▶ [INSTRUCTIONS FOR THE TASK] Please transcribe exactly, and only, the lines of the data below between the line holding "MINI TOY SHOPPING" and the line holding "Tommy Hilfiger TH", inclusive.

▶ [MATERIAL SHOWN]

━━━━━━━━

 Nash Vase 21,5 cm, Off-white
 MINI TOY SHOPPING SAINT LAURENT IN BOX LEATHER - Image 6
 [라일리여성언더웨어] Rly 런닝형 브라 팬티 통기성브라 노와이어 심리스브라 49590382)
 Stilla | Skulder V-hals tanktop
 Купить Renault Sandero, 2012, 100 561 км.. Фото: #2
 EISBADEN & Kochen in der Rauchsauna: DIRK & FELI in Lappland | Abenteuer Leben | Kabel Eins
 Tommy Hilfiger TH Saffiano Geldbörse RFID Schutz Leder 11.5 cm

━━━━━━━━

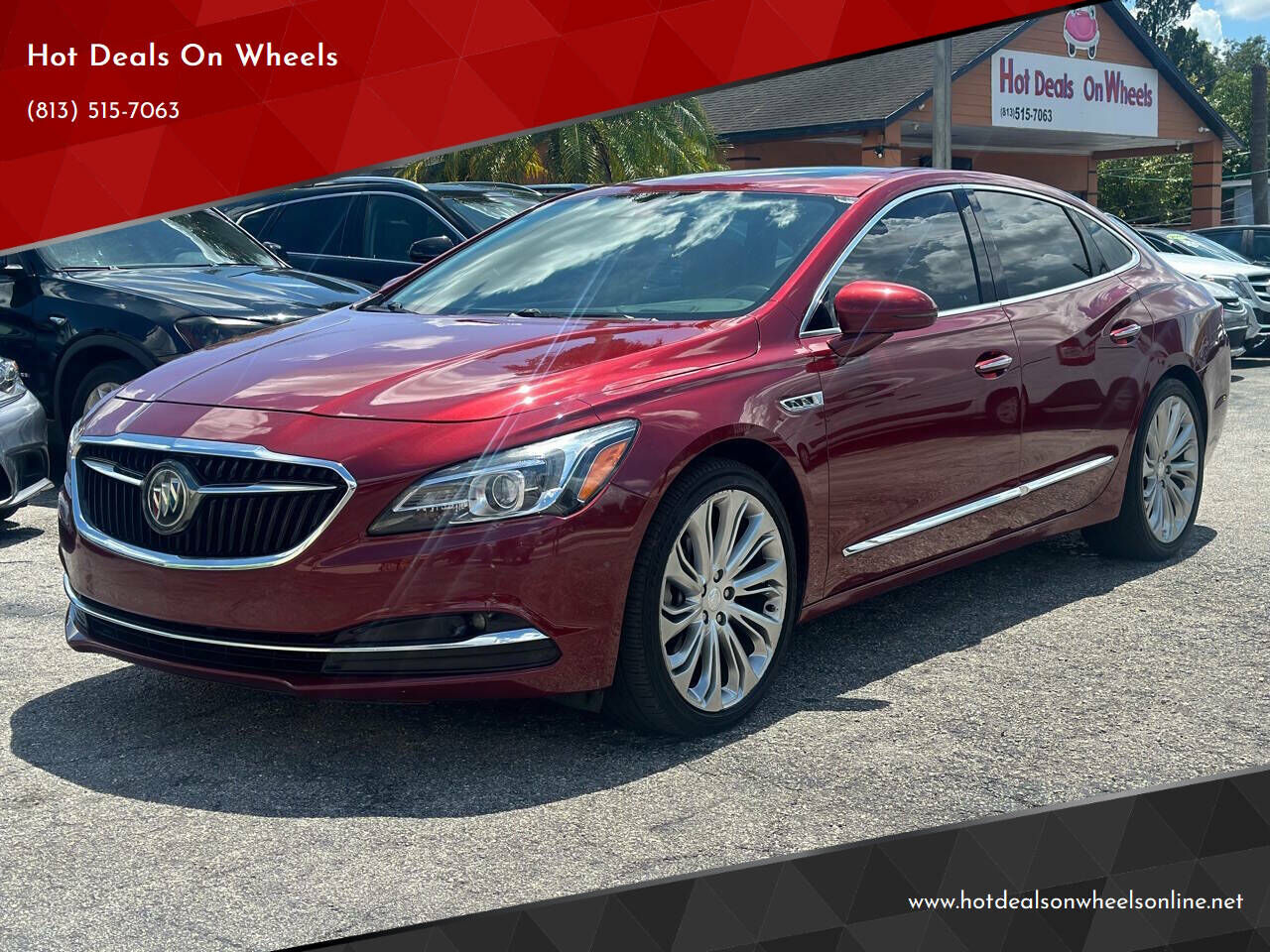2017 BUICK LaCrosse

━━━━━━━━

▶ [RESPONSE AREA]
 MINI TOY SHOPPING SAINT LAURENT IN BOX LEATHER - Image 6
 [라일리여성언더웨어] Rly 런닝형 브라 팬티 통기성브라 노와이어 심리스브라 49590382)
 Stilla | Skulder V-hals tanktop
 Купить Renault Sandero, 2012, 100 561 км.. Фото: #2
 EISBADEN & Kochen in der Rauchsauna: DIRK & FELI in Lappland | Abenteuer Leben | Kabel Eins
 Tommy Hilfiger TH Saffiano Geldbörse RFID Schutz Leder 11.5 cm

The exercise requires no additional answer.